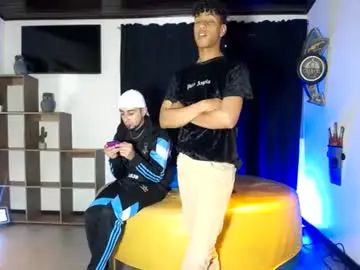 Chaturbate Live Sex of 1pushman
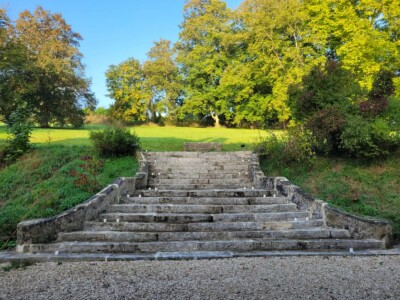 Vue sur le Grand Escalier donnant dans le parc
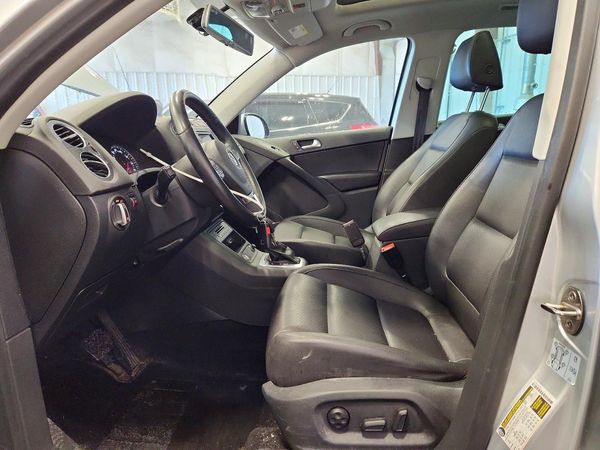 2017 VOLKSWAGEN TIGUAN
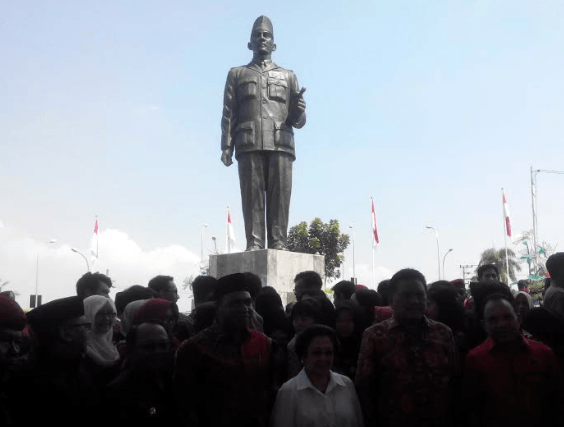 Resmikan patung Bung Karno, Megawati minta Pancasila masuk kurikulum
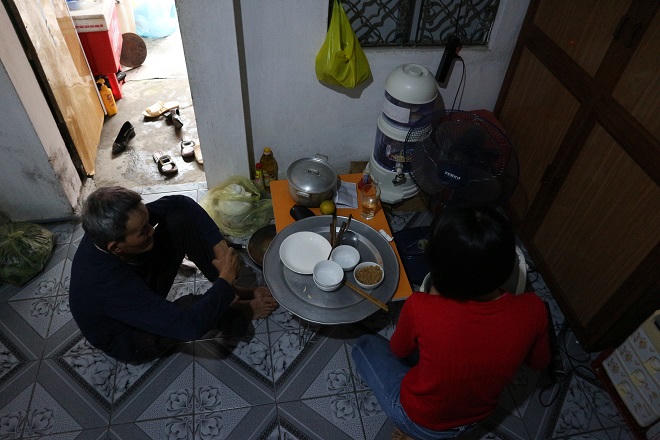 Cô gái bán nước mía chăm cha ung thư, mẹ mất trí, chị chạy thận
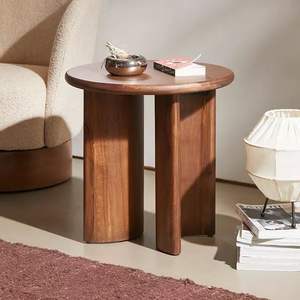 Table d'appoint en bois de style traditionnel conçue pour ajouter chaleur et charme à la décoration intérieure. - Product Image 2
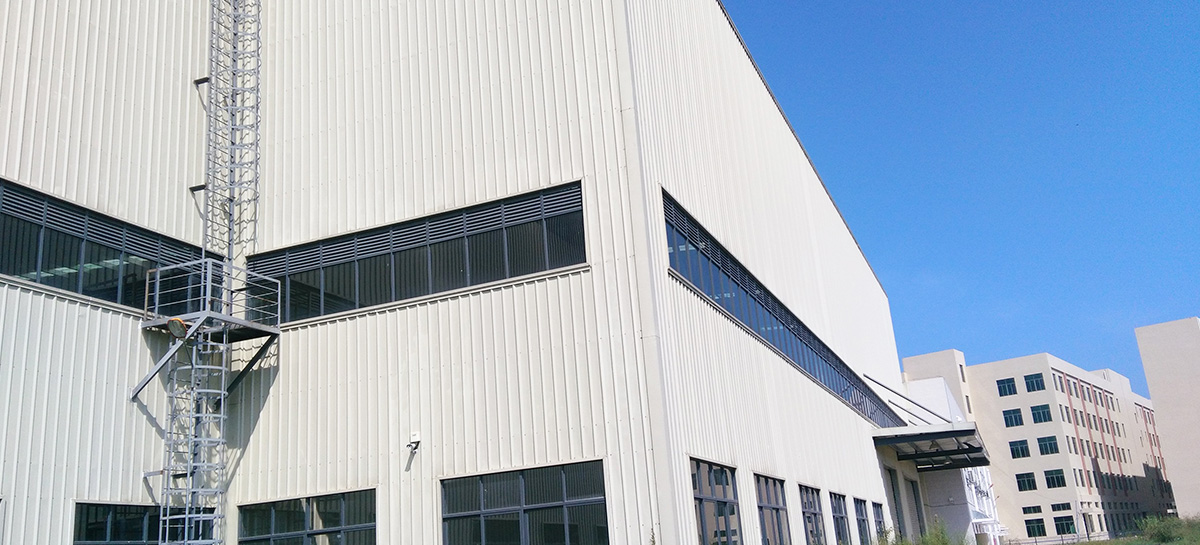 Pourquoi les structures en acier sont le meilleur choix pour les ateliers et entrepôts industriels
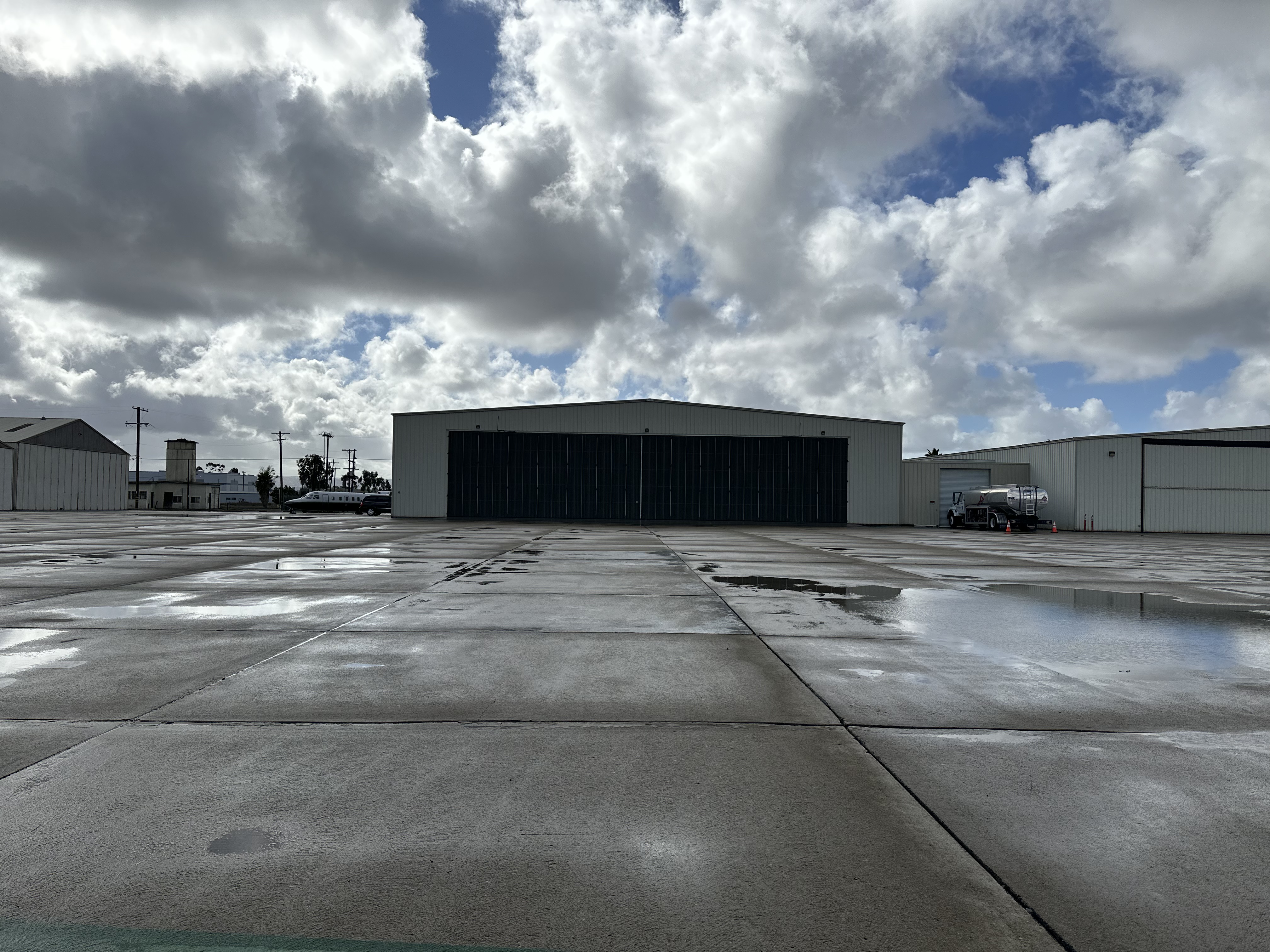 Hangar in s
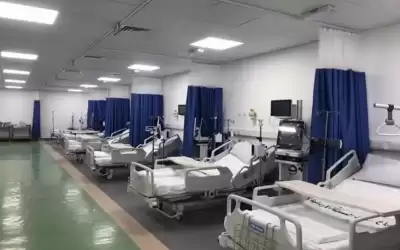 تسرب مياه يؤدي لنقل مرضى كورونا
——
# What to do
Reproduce the data word for word without its images.

# Solution for this exercise
 Chaturbate Live Sex of 1pushman
 Vue sur le Grand Escalier donnant dans le parc
 2017 VOLKSWAGEN TIGUAN
 Resmikan patung Bung Karno, Megawati minta Pancasila masuk kurikulum
 Cô gái bán nước mía chăm cha ung thư, mẹ mất trí, chị chạy thận
 Table d'appoint en bois de style traditionnel conçue pour ajouter chaleur et charme à la décoration intérieure. - Product Image 2
 Pourquoi les structures en acier sont le meilleur choix pour les ateliers et entrepôts industriels
 Hangar in s
 تسرب مياه يؤدي لنقل مرضى كورونا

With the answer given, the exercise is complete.